Aladdin pantomime at Nottingham Playhouse in 2008.
Aladdin pantomime at Nottingham Playhouse in 2008. — Photo: KlickingKarl | CC BY-SA 3.0

Nottingham Playhouse

Grade II* listed buildings in NottinghamshireTheatres in NottinghamTheatres completed in 1963Producing theatres in England
4 min read

Two buildings face each other across Derby Road, and neither is willing to back down. On one side: Nottingham Cathedral, designed in florid Gothic Revival by Augustus Pugin in the 1840s. On the other: the Nottingham Playhouse, a flat-faced piece of mid-century modernism by Peter Moro, completed in 1963 and unapologetically of its moment. When the Playhouse opened, the contrast scandalised the city. Sixty years later, the argument has become the point - and between the two buildings, a six-metre concave dish of polished steel called Sky Mirror catches the British sky and throws it upside-down at anyone walking past.

The Cinema and the Vision

Nottingham Playhouse started not in this building but in a converted cinema on Goldsmith Street, where the company ran as a repertory theatre from 1948. Val May and Frank Dunlop directed in those early years, working with whatever the cinema would allow. By the late 1950s the city was ready for something purpose-built. The architect chosen, Peter Moro, had cut his teeth on the interior design of the Royal Festival Hall in London - so the brief was ambitious from the start.

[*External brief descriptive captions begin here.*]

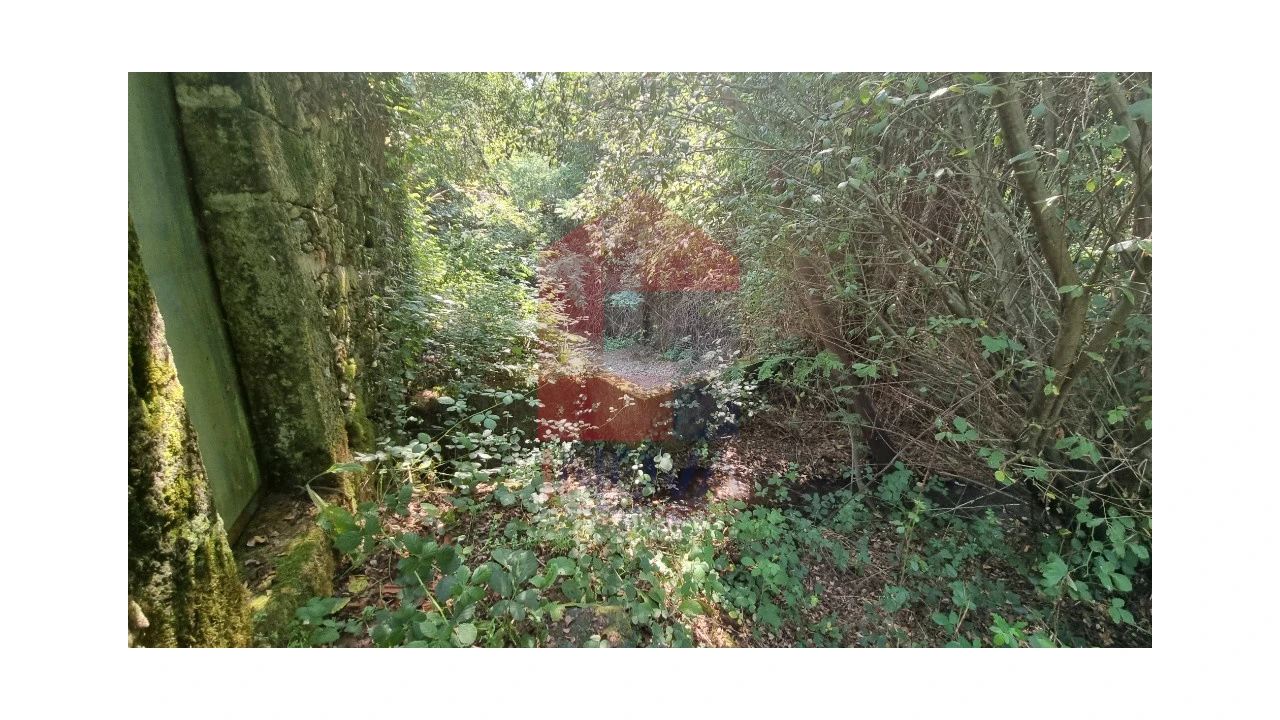 Moradia para Venda em Romarigães Foto 5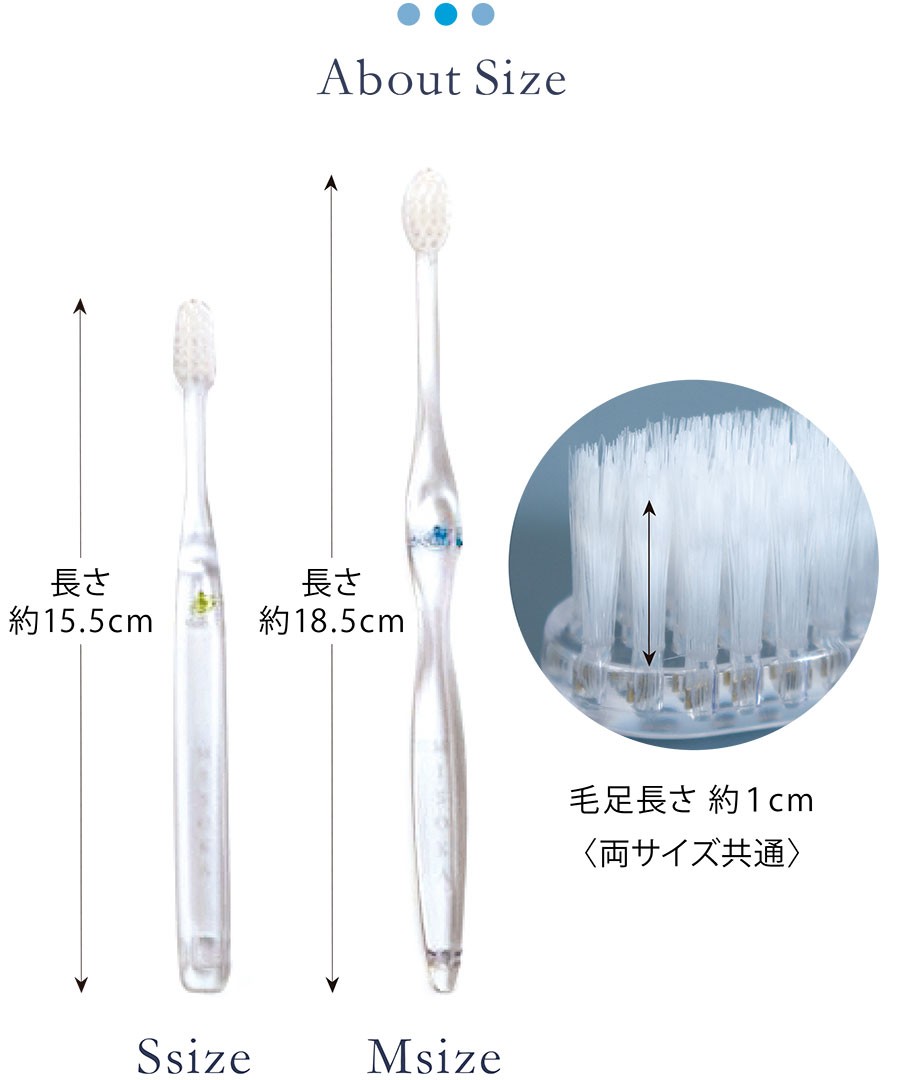 歯ブラシ ハブラシ 高級 歯磨き粉不要 ミソカ MISOKA ツルツル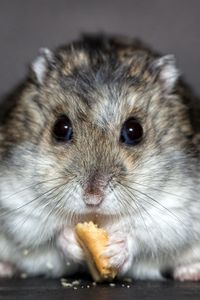 Preview wallpaper hamster, cookies, food, rodent, cute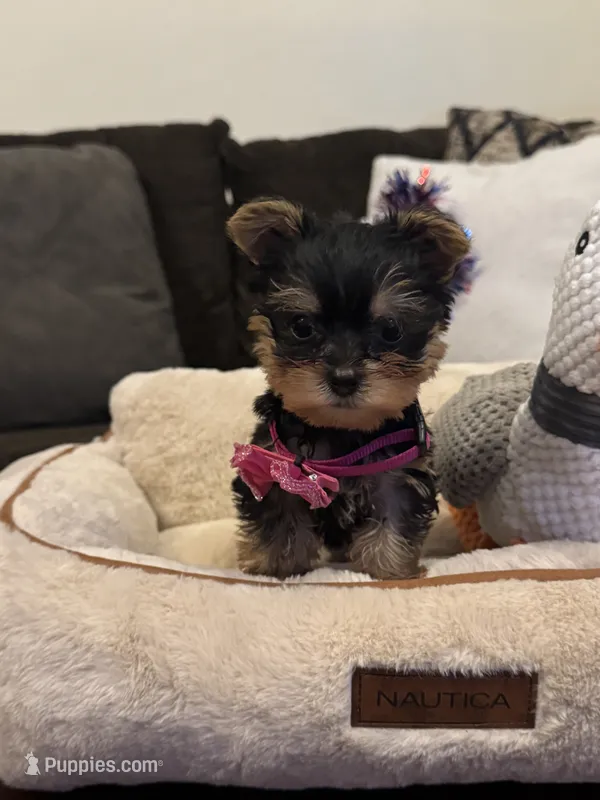 Princess – Yorkshire Terrier puppy for sale in Houston, TX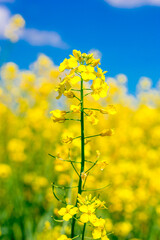 Obraz premium Detail of top yellow canola flower. Blooming canola flower on the field in summer.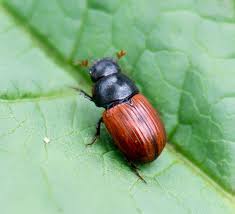 Attēlu rezultāti vaicājumam “Aphodius sp. imago”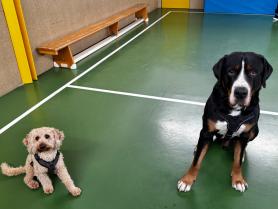 Schulhunde in Ausbildung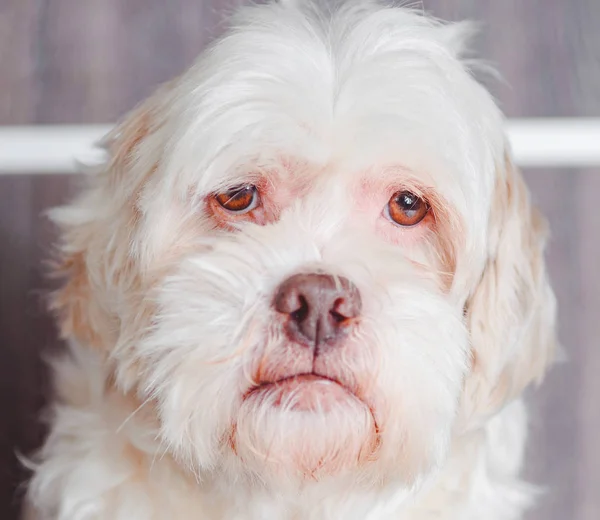 Ciddi ya da üzgün ifade ile beyaz köpek.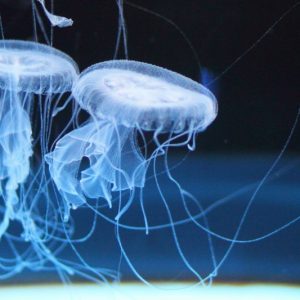 海の危険生物トップ１０。ダイビングの際には要注意！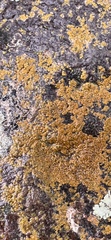 Acarosporaceae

The result, opened in 1963, takes the form of a drum: a circular auditorium with a proscenium stage, seating 770, wrapped in modernist concrete and glass. Tyrone Guthrie directed the opening production, Shakespeare's Coriolanus, with a young Ian McKellen as Tullus Aufidius opposite John Neville in the title role. Peter Ustinov was associate director. It was, by any standard, a serious launch.

The Sky Mirror Argument

In 2001, Anish Kapoor installed Sky Mirror on the small green space of Wellington Circus between the theatre and the cathedral. The work cost £921,000. It is a single curved disc of stainless steel, six metres across, tilted to reflect the sky - which means on any given day it is reflecting weather, pigeons, the spire of the cathedral, the top edge of the Playhouse, and the people standing in front of it, all of them upside-down and slightly stretched. Some Nottinghamians grumbled. Most stopped grumbling once they saw it. In 2007, in a public vote to determine the city's favourite landmark, Sky Mirror won the Nottingham Pride of Place award - a sculpture, not a building, beating every traditional contender. It is now one of the most photographed objects in the city.

A Theatre that Travels

Productions made in Nottingham have a habit of ending up elsewhere. The 2013 adaptation of The Kite Runner by Matthew Spangler became the Playhouse's best-selling drama, toured the UK, transferred to the West End from 2016 to 2017, and revived on Broadway in summer 2022. The 1984 co-production with Headlong Theatre played the West End in 2014, 2015 and 2016, and toured Australia and the USA. Alan Bennett's The Madness of George III, staged here for the theatre's 70th anniversary in 2018 with Mark Gatiss in the title role, broke house records and reached around 500,000 viewers internationally through NTLive broadcasts. The producing-house model means up to thirteen new productions a year originate in this circular concrete drum, then scatter outwards across the country and the world.

Listed and Loved

By the 1980s, concrete interiors had fallen so far out of fashion that the Playhouse was 'refurbished' in ways that tried to hide its own character. The reckoning came in 1996, when the building was given Grade II* listed status; in 2004 a Heritage Lottery Fund grant paid for a sympathetic restoration that returned much of what had been covered. A second wave of work between 2014 and 2015 insulated the fly tower, installed double glazing and PV panels, and cut the building's energy use by over 35%. In 2019 The Stage named it Regional Theatre of the Year, repeated as Theatre of the Year in 2025; in 2023 UK Theatre called it the Most Welcoming Theatre in the country, recognising its access work. Across the road, Pugin's cathedral continues its own quieter conversation with the heavens, and Sky Mirror keeps catching the weather between them.

From the Air

Nottingham Playhouse is at 52.9537 N, 1.1577 W in the Radford and Park ward, about half a mile west of Old Market Square. From the air the building reads as a low circular drum on the south side of Wellington Circus, with Nottingham Cathedral's twin spires immediately to the north - the two together make an easily identifiable cluster. Recommended viewing altitude is 1,500-3,000 ft AGL. East Midlands Airport (EGNX) lies about 11 nm south-west and Nottingham/Tollerton (EGBN) about 4 nm south-east. The Castle and the dome of the Council House are both visible within half a mile of the theatre, making this a useful waypoint for low-level VFR transits of the city centre.